Clinical Data Analysis Finds Sepsis Incidence and Outcome of Death or Discharge to Hospice Remain Steady
According to a recent study published in JAMA, incidence and mortality rates of sepsis in the United States appear to have remained constant in recent years based on clinical data, despite the higher incidence and lower mortality suggested by claims-based data.
"Despite its importance, reliably measuring sepsis incidence and trends is challenging," the study authors write. As sepsis awareness increases and sepsis coding practices change, they voice concerns about the reliability of claims-based trends.
“…neither the incidence of sepsis nor the combined outcome of death or discharge to hospice changed significantly between 2009–2014.”
-Chanu Rhee, MD, MPH, Harvard Medical School
The retrospective cohort study looked at claims-based data and clinical electronic health record (EHR) data from patients 20 years or older admitted to 409 US hospitals from 2009 to 2014. Researchers identified sepsis cases from EHR data using an adapted version of the Third International Consensus Definitions for Sepsis and Septic Shock, with sepsis defined as presumed infection alongside signs of acute organ dysfunction.
Clinical vs. Claims-Based Trends from 2009-2014
- Sepsis Identification. Investigators found that EHR clinical criteria were more sensitive in identifying sepsis than claims-based methodology (69.7% vs 32.3%).

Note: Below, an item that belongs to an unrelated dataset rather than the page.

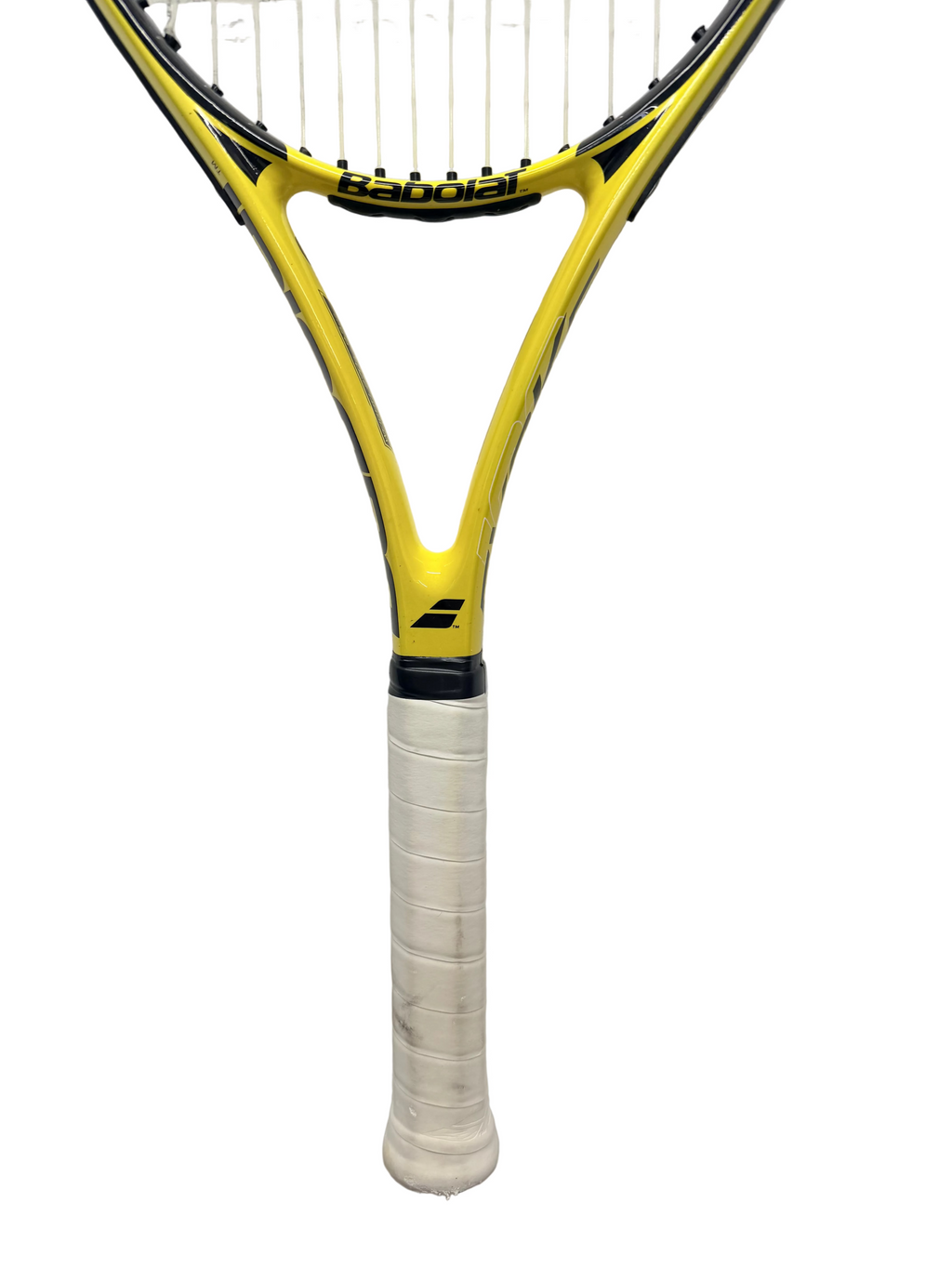 Close-up of Babolat Evoke 102 handle and grip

- Sepsis Incidence. During the study period of 2009-2014, sepsis incidence from EHR data remained stable, with a marginal increase of .6% per year, while incidence using claims data increased significantly by 10.3% per year.
- In-Hospital Mortality. Using EHR data, in-hospital mortality decreased slightly by 3.3% per year, while claims data showed a significant declining mortality rate of 7%.
- Combined Outcome of Death or Discharge to Hospice. When analyzing EHR data, no major change was found to the combined outcome of death or discharge to hospice, with a marginal decrease of 1.3%. By comparison, analysis using claims data found a significant decline of 4.5% per year.
‘A Major Public Health Problem’
"Reliable sepsis surveillance is essential given its high burden," the authors state. “Sepsis is a major public health problem. It is among the most expensive conditions treated in US hospitals and a leading cause of death.”
In light of the fact that claims data "can be biased by changing diagnosis and coding practices over time,” these findings suggest that EHR-based data may show more accurate sepsis trends than claims data. Hence, the authors conclude that based on clinical data, sepsis incidence and mortality seem to have remained fairly constant from 2009-2014.
Source: "Incidence and Trends of Sepsis in US Hospitals Using Clinical vs. Claims Data, 2009-2014," JAMA; October 3, 2019; DOI: 10.1001/jama.2017.13836. Rhee C, Dantes R, Epstein L, Murphy DJ, Seymour CW, et al; for the CDC Prevention Epicenter Program; Department of Population Medicine, Harvard Medical School/Harvard Pilgrim Health Care Institute, Boston; Department of Medicine, Brigham and Women's Hospital, Boston; and Division of Hospital Medicine, Department of Medicine, Emory University School of Medicine, Atlanta.